Lubrifiants : le marché prêt à changer de régime

Avec un volume de 162 259 tonnes d’huiles écoulées entre janvier et juillet 2025, le marché intérieur des lubrifiants automobiles confirme sa stabilité (+0,1 %), selon les dernières données du Centre professionnel des lubrifiants (CPL). Et ce, malgré un léger recul de 2,3 % au premier trimestre. Ce résultat contraste avec les exercices précédents, marqués par des baisses plus prononcées. D'ailleurs, en année glissante, d'août 2024 à juillet 2025, le volume de lubrifiants automobiles écoulés atteint 268 000 tonnes, soit un léger recul de 2,3 %.
Léger rebond en 2025
Dans le détail, les moteurs de voitures de tourisme représentent 97 621 tonnes, soit près de 60 % du marché. L’essence et les motorisations mixtes dominent largement avec 83 357 tonnes, en progression de 4 %, tandis que le diesel tourisme poursuit sa chute, tombant à 11 169 tonnes (-24 %). Les segments périphériques (deux-roues, motoculture, nautisme) pèsent encore 3 095 tonnes. Les utilitaires diesel affichent 29 685 tonnes, confirmant leur poids significatif dans le marché (10,7 %).

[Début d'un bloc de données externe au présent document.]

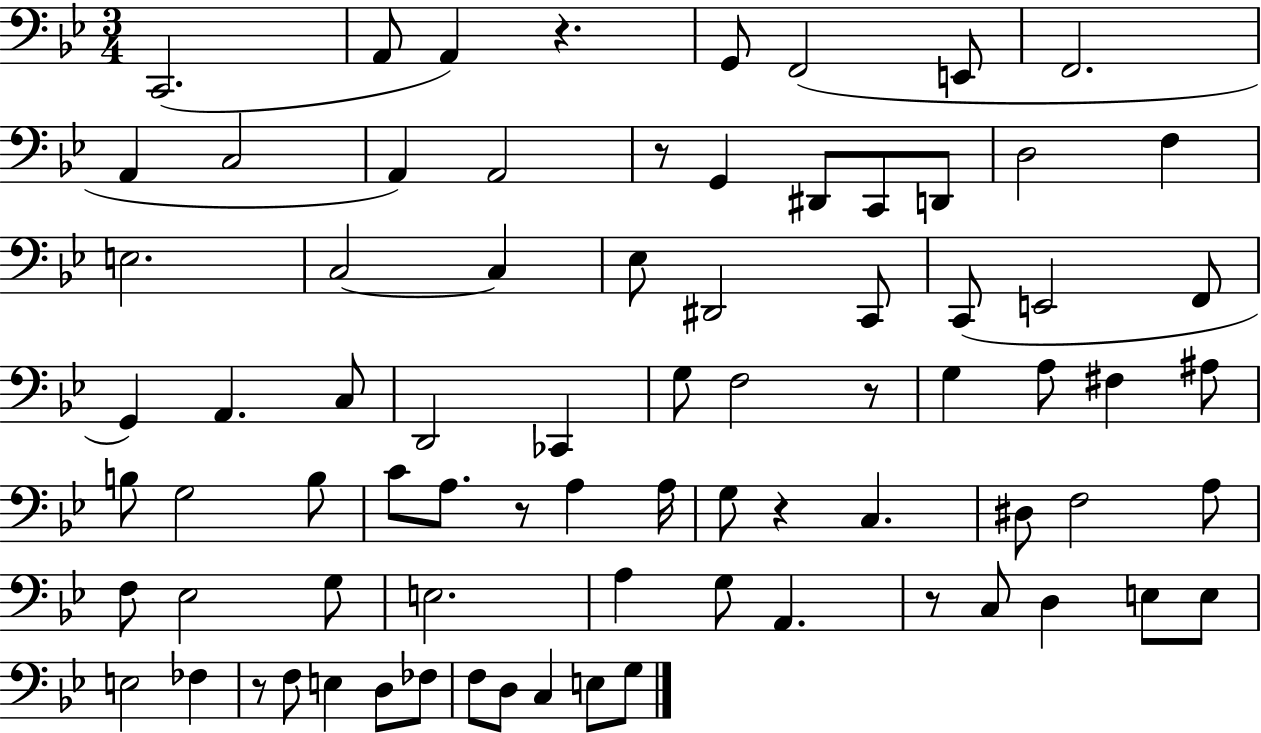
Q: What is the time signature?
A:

Du côté des acteurs, la répartition reste stable : les pétroliers demeurent majoritaires avec 52,3 % des volumes, contre 47,3 % pour les indépendants du graissage, et 0,34 % pour les autres sociétés. Comme toujours, les statistiques du CPL incluent le premier plein réalisé en usine, sans distinction entre les véhicules assemblés en France (Peugeot 308 et 3008, Toyota Yaris Cross, Citroën C5 Aircross…), et ceux produits à l’étranger puis importés.

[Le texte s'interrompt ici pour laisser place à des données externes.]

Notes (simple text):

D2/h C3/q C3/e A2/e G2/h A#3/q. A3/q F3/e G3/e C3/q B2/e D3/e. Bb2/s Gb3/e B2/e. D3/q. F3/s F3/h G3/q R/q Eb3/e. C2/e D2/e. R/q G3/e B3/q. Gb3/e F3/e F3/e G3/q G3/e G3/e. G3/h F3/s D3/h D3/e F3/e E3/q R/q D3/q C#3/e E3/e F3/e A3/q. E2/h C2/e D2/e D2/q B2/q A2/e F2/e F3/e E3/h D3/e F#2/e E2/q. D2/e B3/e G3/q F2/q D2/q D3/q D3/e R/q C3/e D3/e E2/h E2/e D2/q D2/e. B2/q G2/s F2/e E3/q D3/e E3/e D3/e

Autre évolution marquante : face à la hausse des prix, les marques de distributeurs gagnent du terrain et occupent une place prépondérante. Selon les données de GfK-NielsenIQ, le chiffre d’affaires du marché des lubrifiants vendus en libre-service (hypermarchés, supermarchés et centres auto) s’est porté à 215 millions d’euros pour 28,4 millions de litres l’an dernier, soit une progression de 1,4 % en volume et de 3,8 % en valeur.

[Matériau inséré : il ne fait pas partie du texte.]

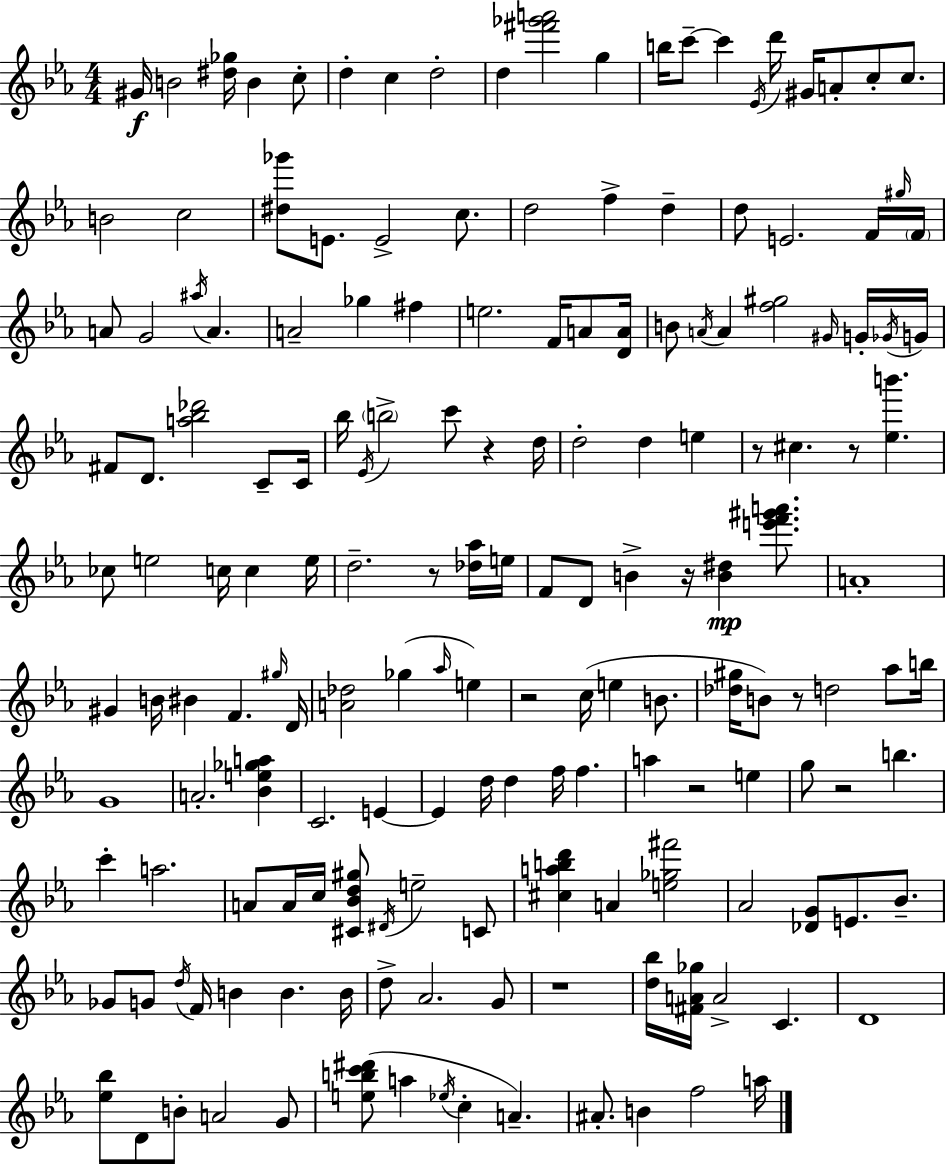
{
  \clef treble
  \numericTimeSignature
  \time 4/4
  \key c \minor
  gis'16\f b'2 <dis'' ges''>16 b'4 c''8-. | d''4-. c''4 d''2-. | d''4 <fis''' ges''' a'''>2 g''4 | b''16 c'''8--~~ c'''4 \acciaccatura { ees'16 } d'''16 gis'16 a'8-. c''8-. c''8. | \break b'2 c''2 | <dis'' ges'''>8 e'8. e'2-> c''8. | d''2 f''4-> d''4-- | d''8 e'2. f'16 | \break \grace { gis''16 } \parenthesize f'16 a'8 g'2 \acciaccatura { ais''16 } a'4. | a'2-- ges''4 fis''4 | e''2. f'16 | a'8 <d' a'>16 b'8 \acciaccatura { a'16 } a'4 <f'' gis''>2 | \break \grace { gis'16 } g'16-. \acciaccatura { ges'16 } g'16 fis'8 d'8. <a'' bes'' des'''>2 | c'8-- c'16 bes''16 \acciaccatura { ees'16 } \parenthesize b''2-> | c'''8 r4 d''16 d''2-. d''4 | e''4 r8 cis''4. r8 | \break <ees'' b'''>4. ces''8 e''2 | c''16 c''4 e''16 d''2.-- | r8 <des'' aes''>16 e''16 f'8 d'8 b'4-> r16 | <b' dis''>4\mp <e''' f''' gis''' a'''>8. a'1-. | \break gis'4 b'16 bis'4 | f'4. \grace { gis''16 } d'16 <a' des''>2 | ges''4( \grace { aes''16 } e''4) r2 | c''16( e''4 b'8. <des'' gis''>16 b'8) r8 d''2 | \break aes''8 b''16 g'1 | a'2.-. | <bes' e'' ges'' a''>4 c'2. | e'4~~ e'4 d''16 d''4 | \break f''16 f''4. a''4 r2 | e''4 g''8 r2 | b''4. c'''4-. a''2. | a'8 a'16 c''16 <cis' bes' d'' gis''>8 \acciaccatura { dis'16 } | \break e''2-- c'8 <cis'' a'' b'' d'''>4 a'4 | <e'' ges'' fis'''>2 aes'2 | <des' g'>8 e'8. bes'8.-- ges'8 g'8 \acciaccatura { d''16 } f'16 | b'4 b'4. b'16 d''8-> aes'2. | \break g'8 r1 | <d'' bes''>16 <fis' a' ges''>16 a'2-> | c'4. d'1 | <ees'' bes''>8 d'8 b'8-. | \break a'2 g'8 <e'' b'' c''' dis'''>8( a''4 | \acciaccatura { ees''16 } c''4-. a'4.--) ais'8.-. b'4 | f''2 a''16 \bar "|."
}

Sous la pression croissante de ces "private labels", les pétroliers, les indépendants du graissage et les formulateurs-additiveurs conservent toutefois un avantage déterminant. Leur maîtrise technologique reste décisive face aux défis posés par le downsizing – avec la généralisation des moteurs à cylindrée réduite – et par l’hybridation, qui impose de nouvelles contraintes en matière de lubrification.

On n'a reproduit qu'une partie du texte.